Wednesday, June 19, 2013

One year later.....where am I now?

One year. It's been about one year since I left my work in Senegal and returned to Dallas, Texas. It's hard to believe. Many of you I speak with on a regular basis, so you probably have a clue. For those of you who don't, here's a brief update of my life and an inside scoop at what reverse culture shock means and how it looks.

Leaving the airport in Dakar, Senegal and landing in New York was one of the most terrifying events of my life. Did something go wrong you might ask? Nope. Only reverse culture shock. Ironic how I was filled with excitement and joy when landing in Senegal, what was supposed to be a foreign land, but experienced the complete opposite when returning "home". Here's an excerpt from my journal to give you a brief idea of where my thoughts were at that exact moment:

May 12, 2012

"Landing in New York now.

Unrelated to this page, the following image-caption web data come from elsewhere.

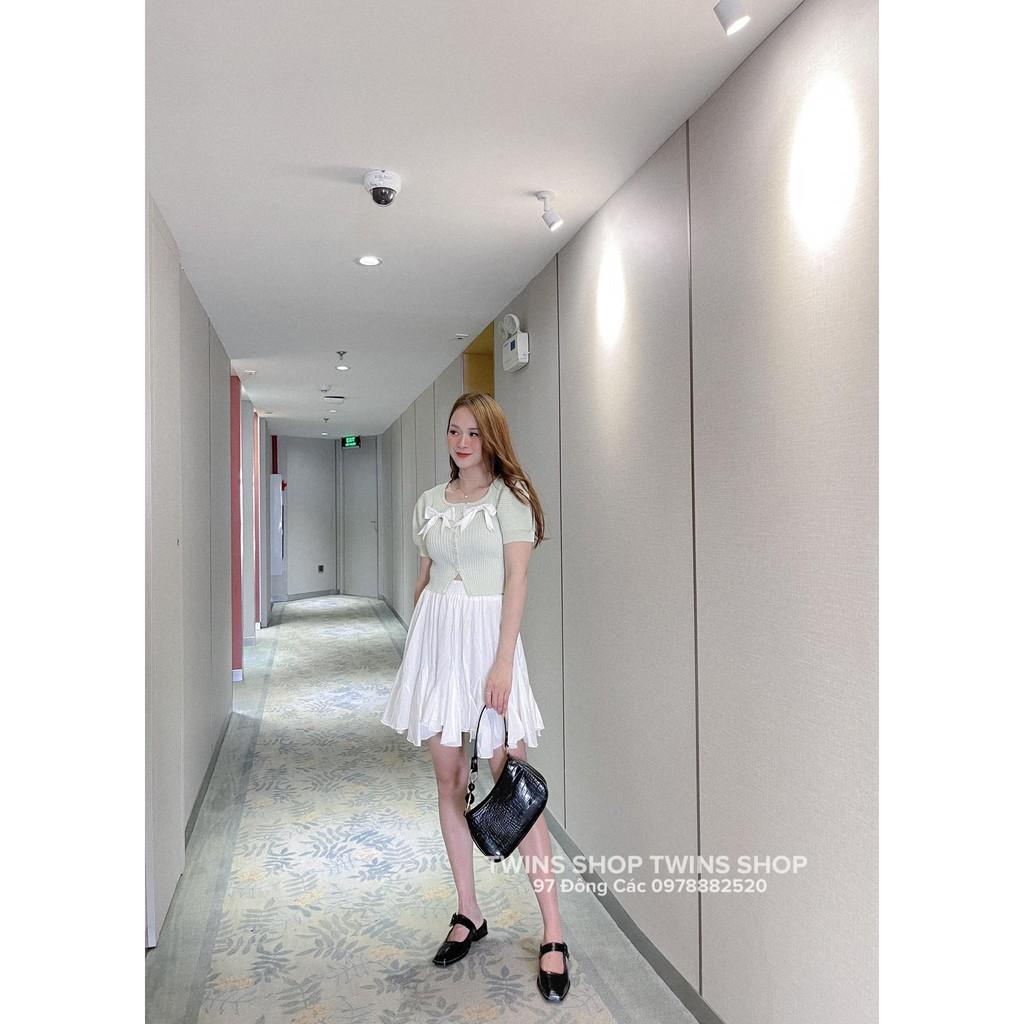 Chân váy tua cá 828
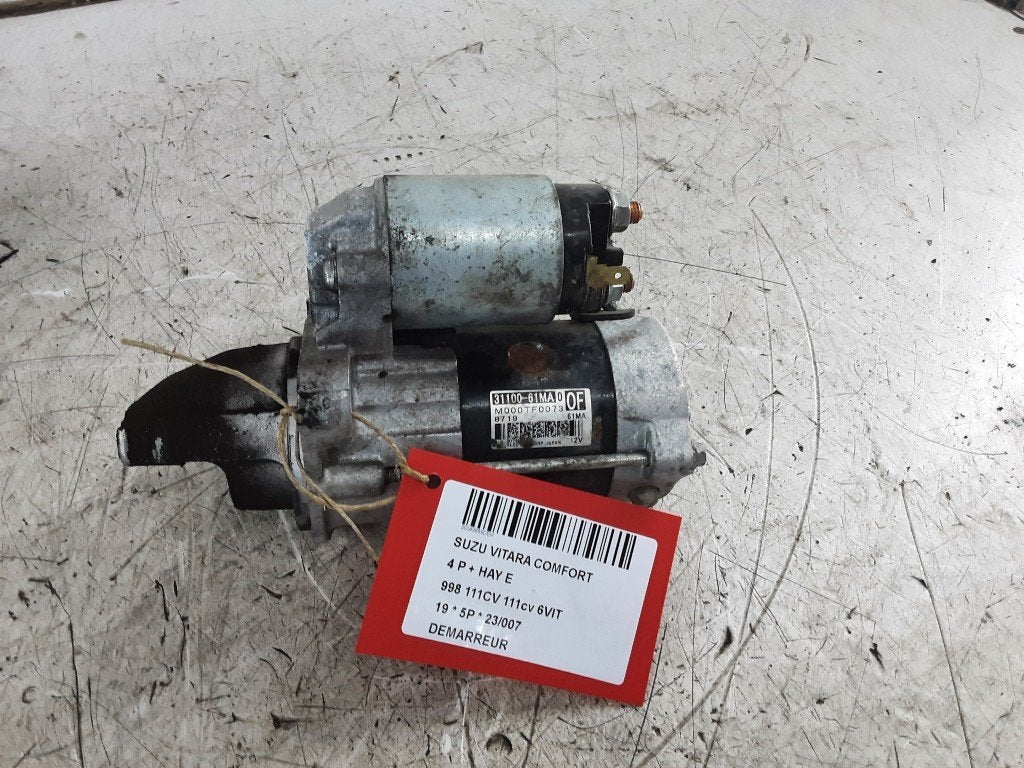 DÉMARREUR Suzuki Vitara (LY / MY) (01-2015/-) (3110061MA), Mevr. I. Hauben, Utilisé, Rue de l'Espoir 34 34
4030  GRIVEGNÉE, BE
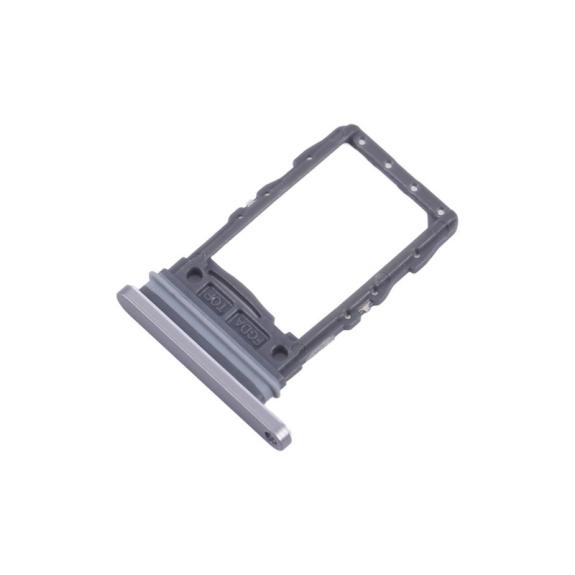 Bandeja SIM Para Samsung Galaxy Z Flip6 en color gris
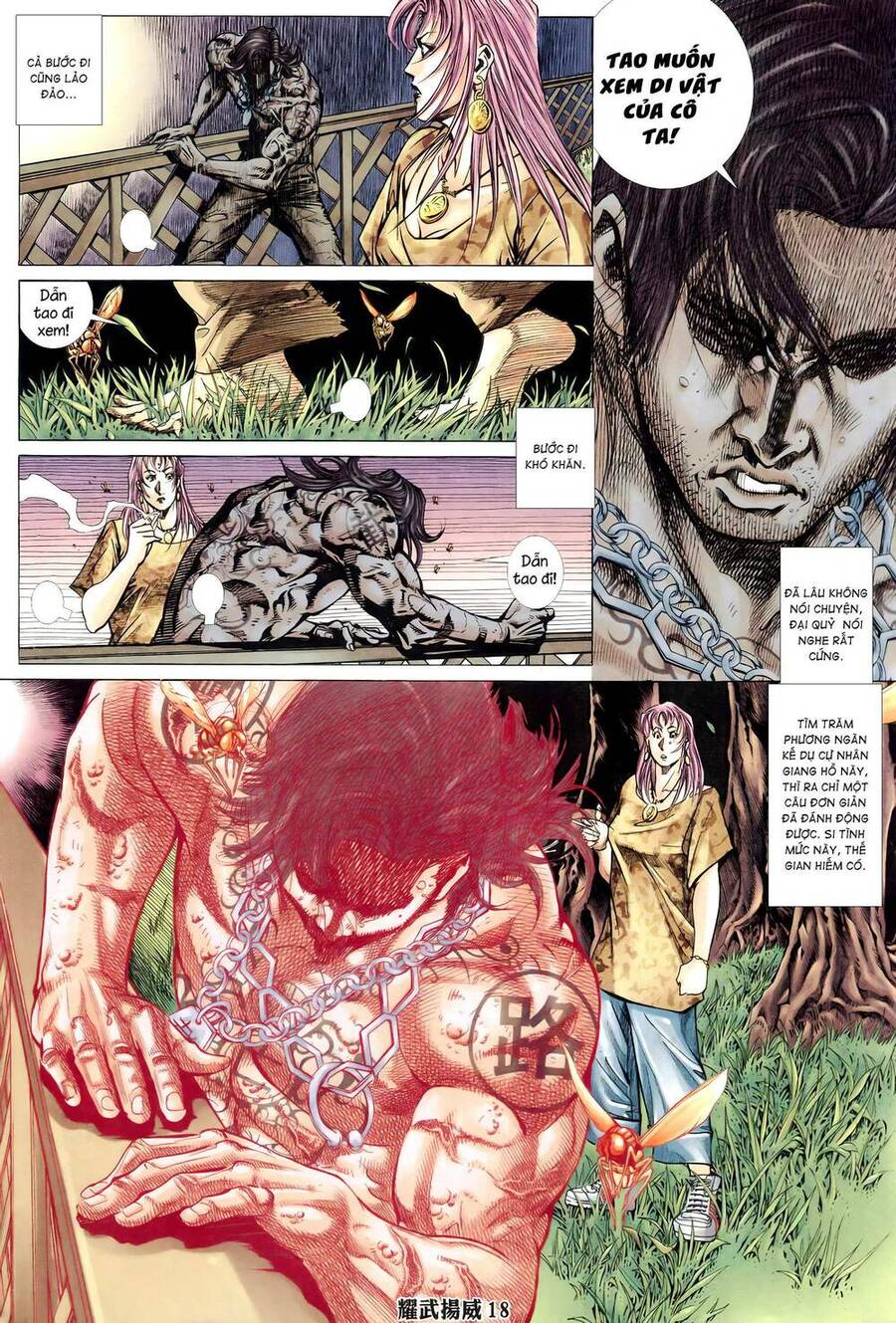 Diệu Võ Dương Oai Chap 350 - Next Chap 351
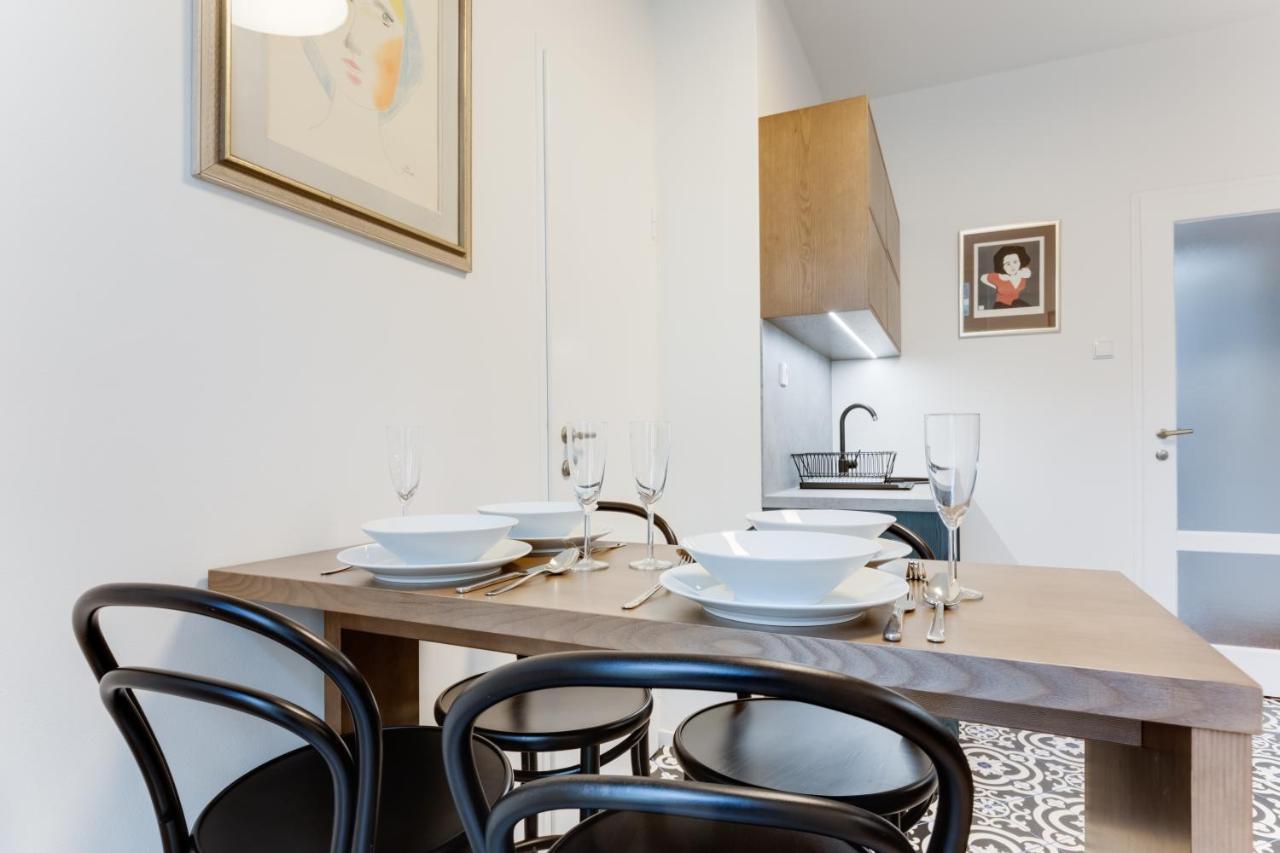 Apartment Petrska Prága Kültér fotó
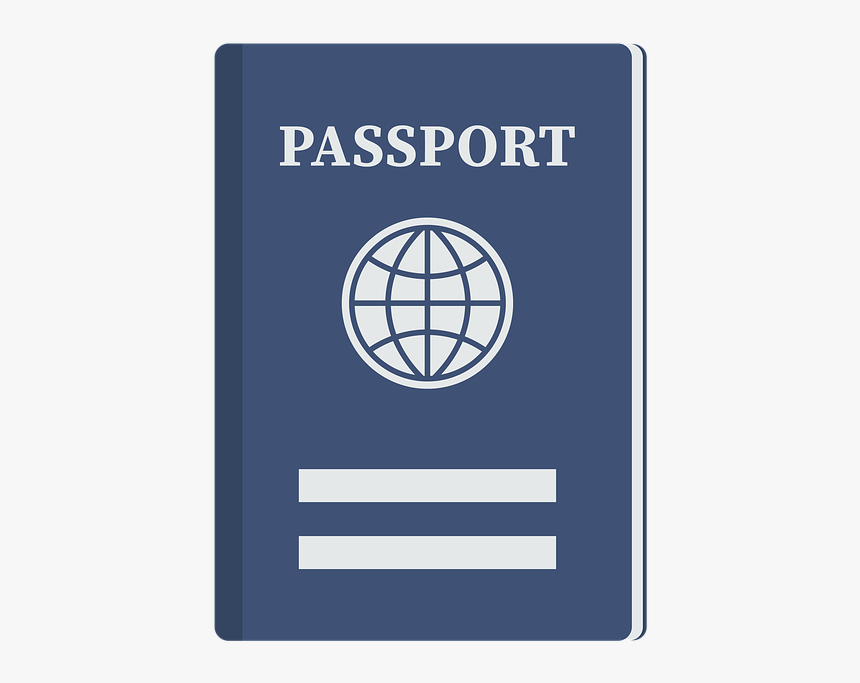 Passport Png, Transparent Png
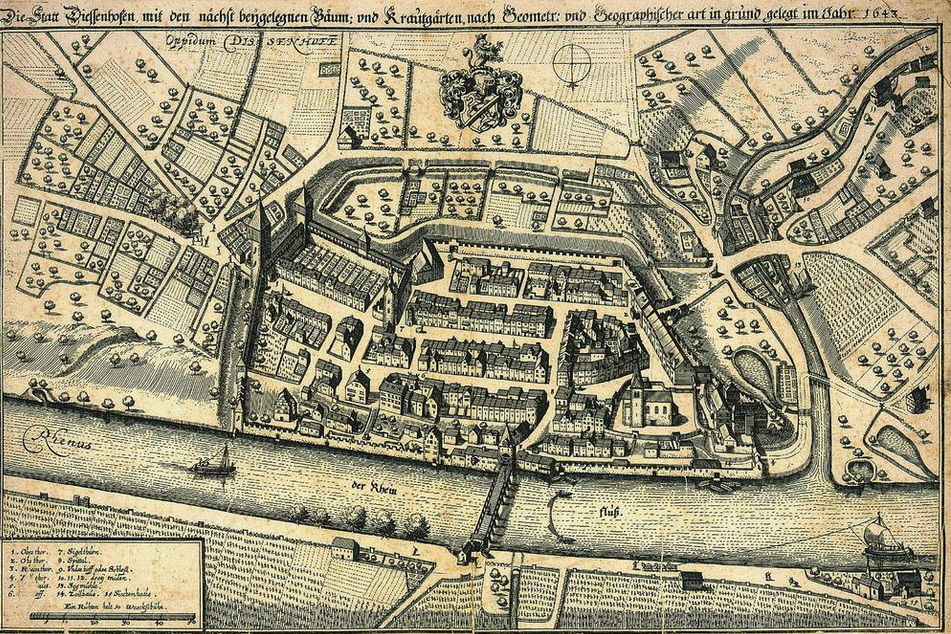 Logo - Tourismus Diessenhofen: Allgemeine Stadtführung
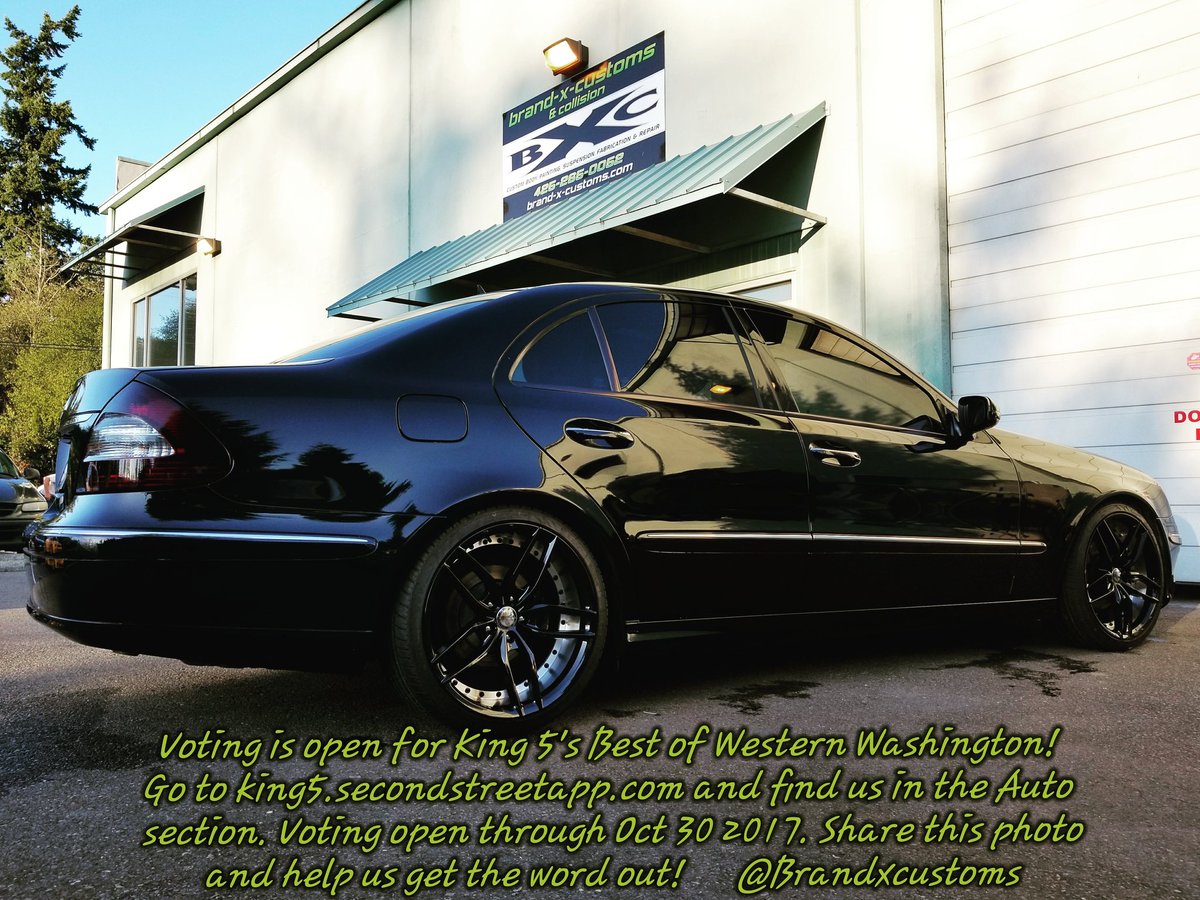 brandxcustoms's tweet photo. It's the last week of Voting for the Best of Western Washington. Thank you to all that have already votes for us! You Rock. https://t.co/3JE8ylYonK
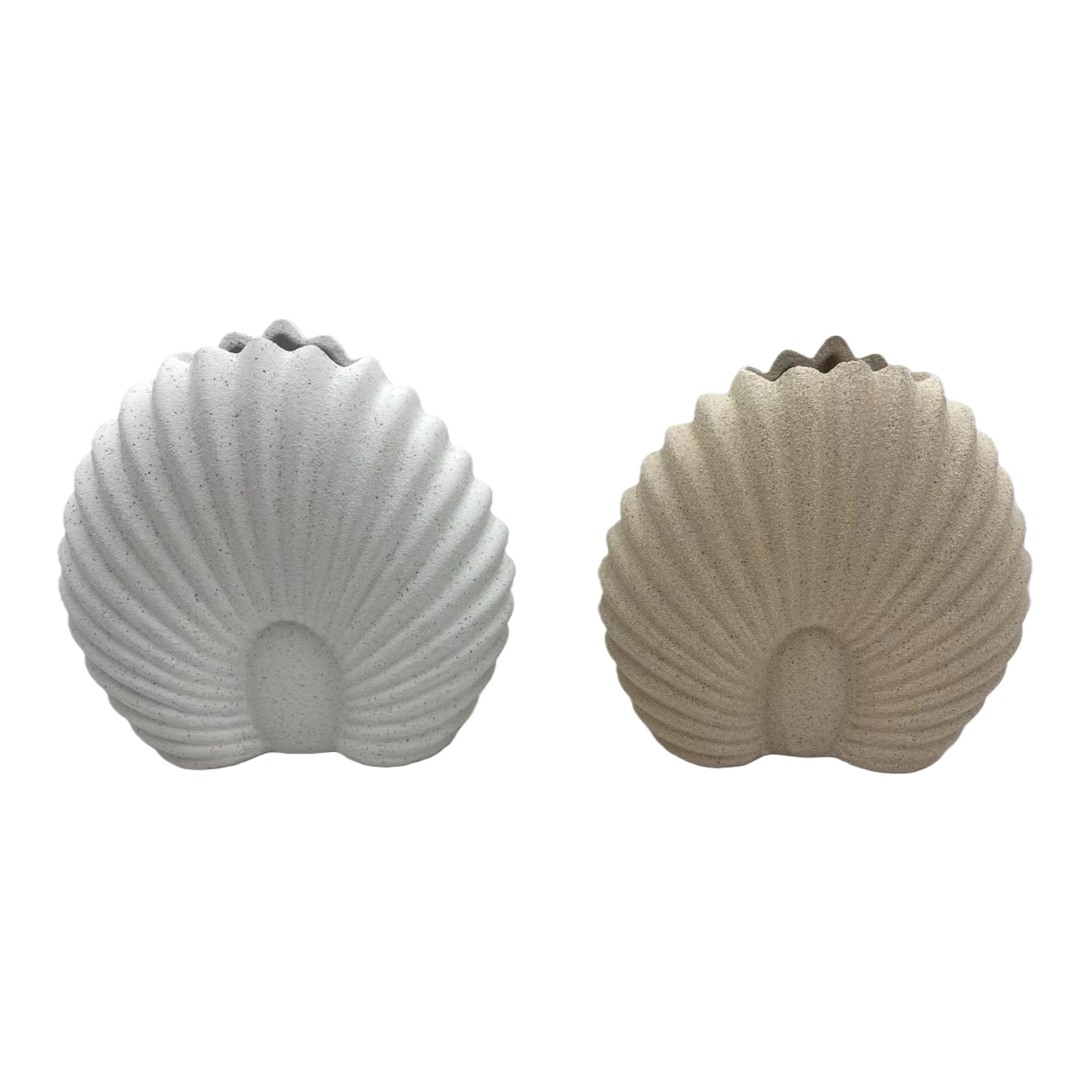 Shell-shaped flowerpots, decorated Roman Columns, spray bottles, folding gardening supplies, sand-glazed vases, large beads for soaking Item Picture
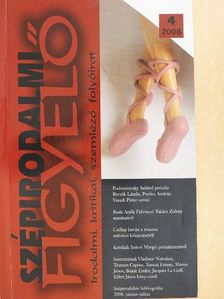 Bacher Iván - Szépirodalmi figyelő 2008/4. [antikvár]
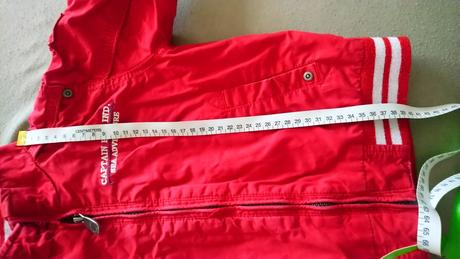 Nosené vetrovky, palomino,110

I haven't been on American soil in a long time and I'm having an inward panic attack. The crowds of toubabs (white people) will be intimidating with everyone bustling around in their fancy clothes and speaking English. I'm scared."

Looking back on that day, I realize that I didn't simply adjust to the culture and go through the acceptable motions of a Senegalese individual. I was truly thinking like an African. Which is why these next few months and YEAR would prove to be so difficult to face.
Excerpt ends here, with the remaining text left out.